The purpose of the required signals is to attract and arrest attention. It assumes both the possibility and probability of inattention. The majority opinion assumes the fact of inattention and the impossibility of overcoming it. It may be that plaintiff would not have heard the bell had it been rung. But it seems to draw more heavily upon conjecture to say that he would not than that he would.
The testimony is consistent with plaintiff's statement that his car struck the engine or tender of the train. He was following another car at a distance of about two hundred feet. Considering plaintiff's speed (about twenty-five miles per hour), and the length of the train (nearly a quarter of a mile), it is difficult to see how he could have struck the caboose of a train which reached the crossing after the preceding automobile had passed the crossing and interposed itself between such car and that of plaintiff.

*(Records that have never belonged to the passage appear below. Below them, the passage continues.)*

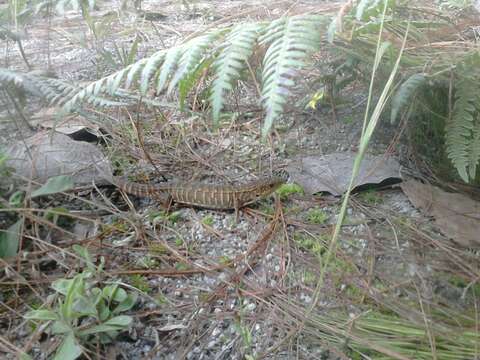 Image of Alligator lizards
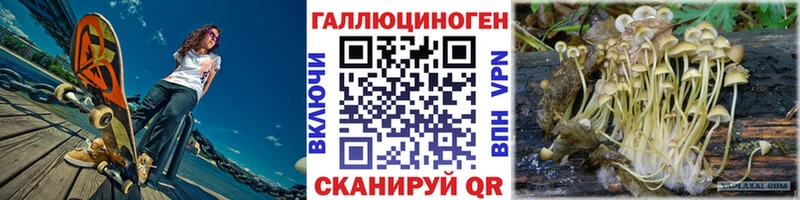 Псилоцибиновые грибы Psilocybe  blacksprut зеркало  Псков  сколько стоит 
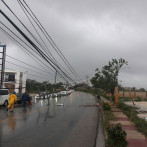 Derriba árboles y tendidos eléctricos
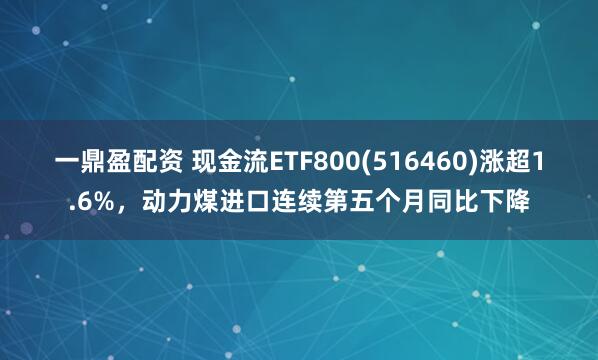 一鼎盈配资 现金流ETF800(516460)涨超1.6%，动力煤进口连续第五个月同比下降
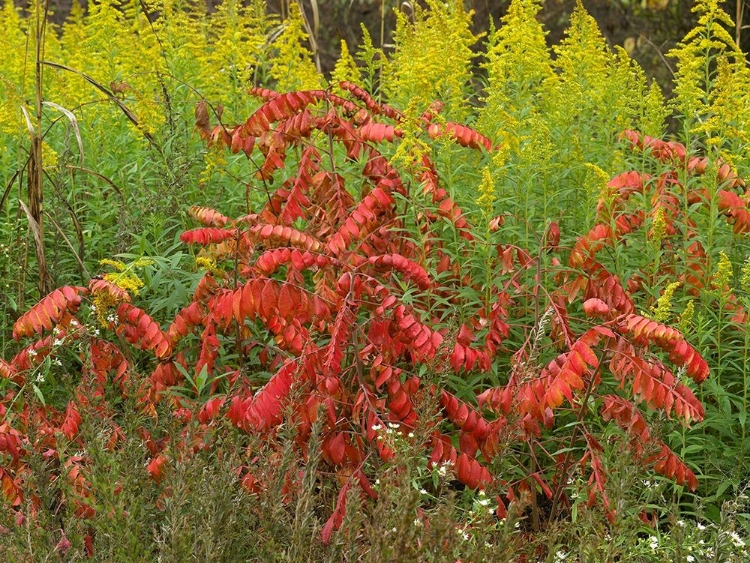 Picture of SUMAC AND GOLDENRODS NEAR DEQUEEN-ARKANSAS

It is quite true that although failure to ring the bell or blow the whistle was negligence per se, it is not necessarily *315 a proximately contributing cause of the injury to the plaintiff. The majority opinion correctly states that "it is not within the legitimate province or power of a jury to convert a possibility into something more by the mere force of a verdict." Yet the writer is inclined to doubt whether it is within the legitimate province of this Court to depreciate a reasonable probability into something less by mere judicial fiat.
To say that the failure to ring the bell "disappears" as a substantial factor in the case, is euphemistically to describe as a voluntary withdrawal in the face of overpowering reason a situation where in fact this circumstance is forcibly liquidated by alien assumptions which have been allowed to invade the discussion. It may be that a trial jury, completely aware of its rights and duties, would in this case agree with the views of the majority of this Court. However, the nature of their ultimate verdict is important only to the parties. Our concern is to defend their right to function in the field of proximate cause.